What to produce: Repeat the records below exactly from the line containing "Mercedes-Benz GLB Class 2024 car image #4" to the line containing "Zdjęcie w galerii", taking in both of those lines. Drop the pictures.

Supplied entries:
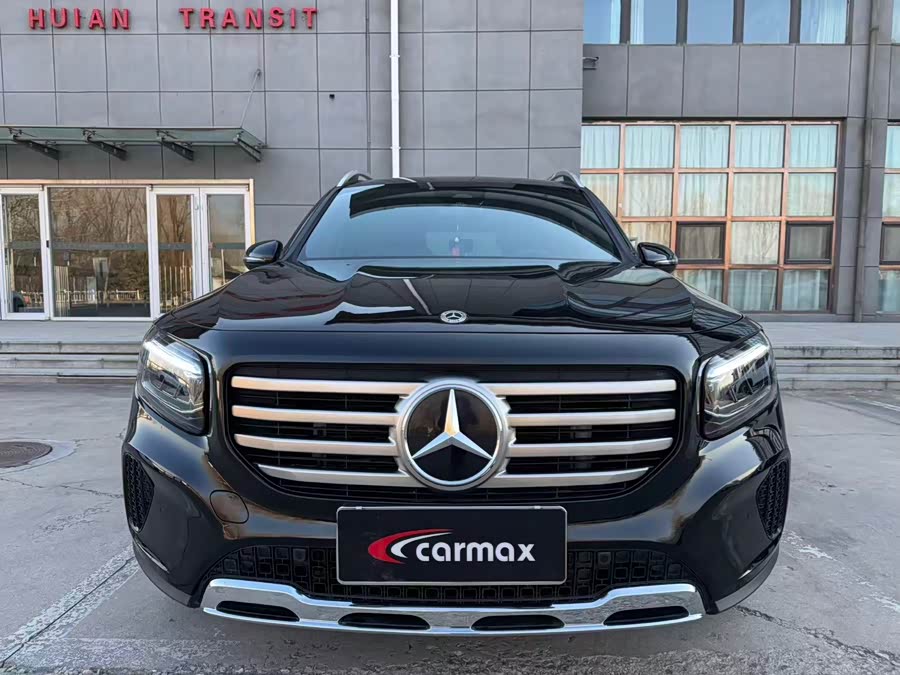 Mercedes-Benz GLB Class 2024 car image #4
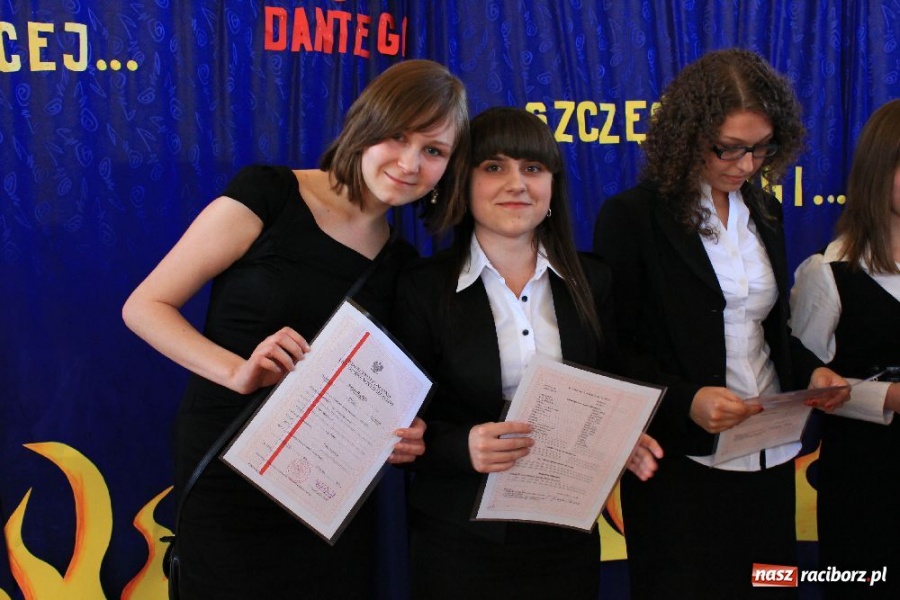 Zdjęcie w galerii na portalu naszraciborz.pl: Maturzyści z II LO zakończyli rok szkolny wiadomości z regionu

...

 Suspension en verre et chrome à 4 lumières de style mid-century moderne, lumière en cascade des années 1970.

Answer to this problem:
 Mercedes-Benz GLB Class 2024 car image #4
 Zdjęcie w galerii na portalu naszraciborz.pl: Maturzyści z II LO zakończyli rok szkolny wiadomości z regionu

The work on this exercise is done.